Prime minister nominee withdraws
“I intend to withdraw my nomination for prime minister today,” said a grim-looking Ahn at a 5 p.m. press conference yesterday. “I am very sorry for having disappointed the people over a series of suspicions about collusive ties [between the private and public sector].”
Ahn said since he began working as a private lawyer following his retirement as a Supreme Court justice in July 2012, he scrupulously tried to avoid suspicions that he was exploiting or misusing his long career in public service. Regardless, he said, he decided to abandon his nomination as prime minister to avoid putting a burden on the Park administration.
“It is also overbearing for me to watch the suffering of my family, who have given me strength, and clients who entrusted me to represent them [in court],” Ahn said. “I wish to return to life as an ordinary citizen.”
Ahn earlier denied he had done anything wrong or was involved in any conflict of interest by making 1.6 billion won ($1.5 million) from July 2013 through December 2013 by working as a private lawyer. Ahn retired as a Supreme Court justice in July 2012.
Ahn apologized to the president yesterday, whom he said had trusted him enough to serve as the prime minister.
The withdrawal of the former prosecutor, who had a reputation for integrity and was nicknamed “Mr. Clean Hands,” is a big setback to Park’s declared mission to root out corrupt practices in the public sector. Collusive ties between civil servants and the industries they are supposed to regulate have come under scrutiny since the Sewol sinking, which was partly blamed on such government practices.
Ahn’s quitting came six days after he was nominated by the Blue House. It is the second time one of Park’s nominees for the prime ministership was forced into giving up.
The ruling Saenuri Party expressed regret over Ahn’s decision.
“We should discuss bringing a change to a vetting process that now focuses on personal matters, not on the full extent of a nominee’s capabilities,” said Park Dae-chul, spokesman of the party.
It was initially expected the former prosecutor would have an easy confirmation given his reputation as Mr. Clean Hands and long years in public service fighting against misdeeds and corruption. But the tide swiftly changed after it was learned that Ahn amassed 1.6 billion won in just five months as a lawyer one year after he left the Supreme Court.

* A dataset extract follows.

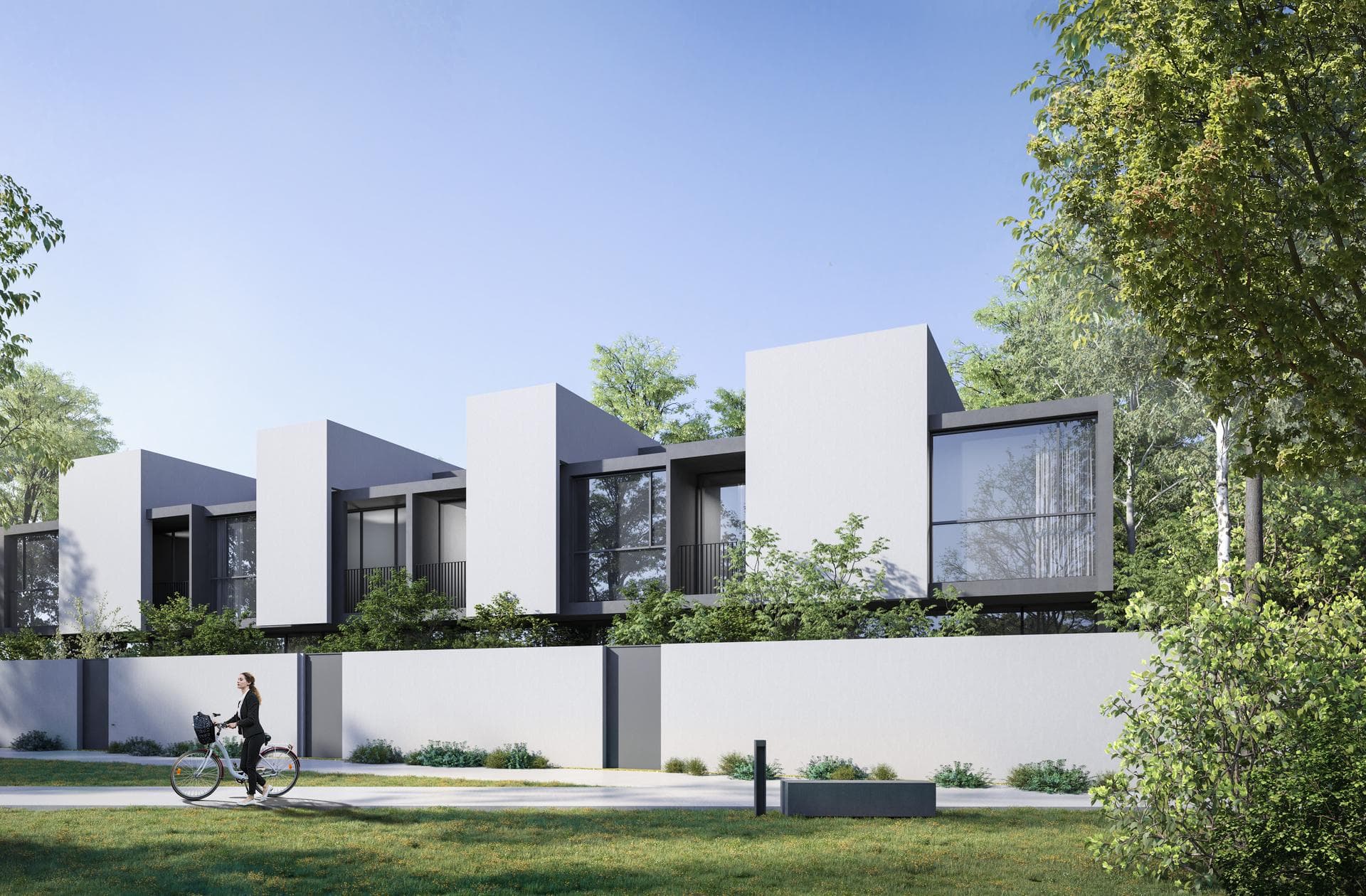 Private garden courtyard at a Masaar townhouse surrounded by greenery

Additional allegations over a breach of ethical standards were raised yesterday by the opposition New Politics Alliance for Democracy. The party said that Ahn’s oldest son, who is 25, landed a lucrative job as an employee of a foreign financial institution despite a lack of experience thanks to his family background.
Another allegation was raised about Ahn’s use of his office budget as a Supreme Court justice.
Representative Seo Young-kyo of the NPAD said yesterday that Ahn might have stashed away a budget meant to be spent on office activities during his two-year tenure as a Supreme Court justice.
Seo said that Ahn’s bank account balance rose 100 million won during his two years as justice, and the office budget for justices was approximately 45 million won a year.
“Anyone can do the math,” he said.
As head of a special investigation team at the Supreme Prosecutors’ Office during the administration of President Roh Moo-hyun, Ahn got to the bottom of a scandal involving illegal campaign funds amassed by the Grand National Party, the ruling Saenuri Party’s precursor.
Ahn also ran an investigation into the illegal funds flowing into Roh’s campaign team and arrested An Hee-jung for election fraud. An, then Roh’s confidant, is now seeking gubernatorial re-election in South Chungcheong.
Ahn was also known as “The People’s Prosecutor,” which was one of the reasons Park nominated him as prime minister in the wake of the ferry disaster and her vows to clean up Korea.